New Delhi, July 27 (IANS) The second and more deadly wave of the Covid-19 pandemic seems to have provided no deterrent for investors as venture capital (VC) investment in the April-June period in India soared past the previous record high set in Q4 (October-December) of 2019.
According to a KPMG report, the high level of VC investment during the period is driven not only by VC investors but also by more traditional funds feeling a sense of FOMO (fear of missing out), given the broad applicability of digital business models in the pandemic.
A diversity of companies are attracting VC investment in India, in particular those focused on direct-to-consumer offerings, including e-commerce, food delivery, hyper-local grocery delivery, video sharing, and gaming, according to the Q2’21 edition of Venture Pulse – a quarterly report published by KPMG Private Enterprise on VC trends globally and in key jurisdictions around the world.
India has also seen a growing range of fintech companies raising significant funding rounds during the quarter.
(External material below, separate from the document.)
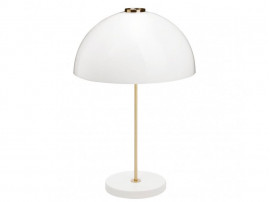 Kupoli table lamp.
Investors have continued to pour money into edtech companies in India. Food delivery was also very hot in Q2’21, the report said.
“We have seen more and more tech enabled companies in India raising funds from the capital markets. This opens a new avenue for early, mid and late stage financial sponsors to cash in on their investments. This is a significant shift from an exit route available to financial investors previously, which will only increase the attractiveness of these businesses,” KPMG in India Partner and National Leader, Private Equity, Nitish Poddar said.
KPMG in India Partner and Co-Head – Corporate Finance Anand Vermani said: “VC deals count in India saw an unprecedented incline continuing the rally that began from the third quarter of 2020. Major investments are chasing solutions that are built around financial services and delivery; cutting across businesses that offer on-demand financial support, B2B e-commerce, D2C, meals & grocery, supply chain & logistics, and mobility. The advent of the so called traditional funds into this segment with large ticket investment lends a strong vote of confidence and validation to operating models of these new age businesses.”
At the global level also, VC investment reached a new high in Q2’21, with $157.1 billion raised across 7,687 deals as against $147.2 billion raised across 8,557 deals in Q1’21. A robust IPO market, high valuations, and a seemingly endless supply of dry powder helped fuel the ongoing increase, the KPMG report said.
The incredible level of VC investment was buoyed by ten $1 billion+ funding rounds across 8 countries. While globally fintech was the most attractive sector of investment, health, biotech, edtech, gaming and food delivery continued to see significant investment activity.
VC investment in Europe reached $34 billion across 1,848 deals in Q2’21 – up from $23.9 billion across 2,150 deals in Q1’21. While the Asia-Pacific region saw solid VC investment in H1’21, despite a dip from $42.8 billion across 2,066 deals in Q1’21 to $38 billion across 1,998 deals in Q2’21.
The report said that Corporate investment was very robust in Q2’21 – accounting for $73.9 billion in investment. First time financings in first half of the year totalled $20.1 billion – well on track to exceed the peak high of $32 billion seen in 2018.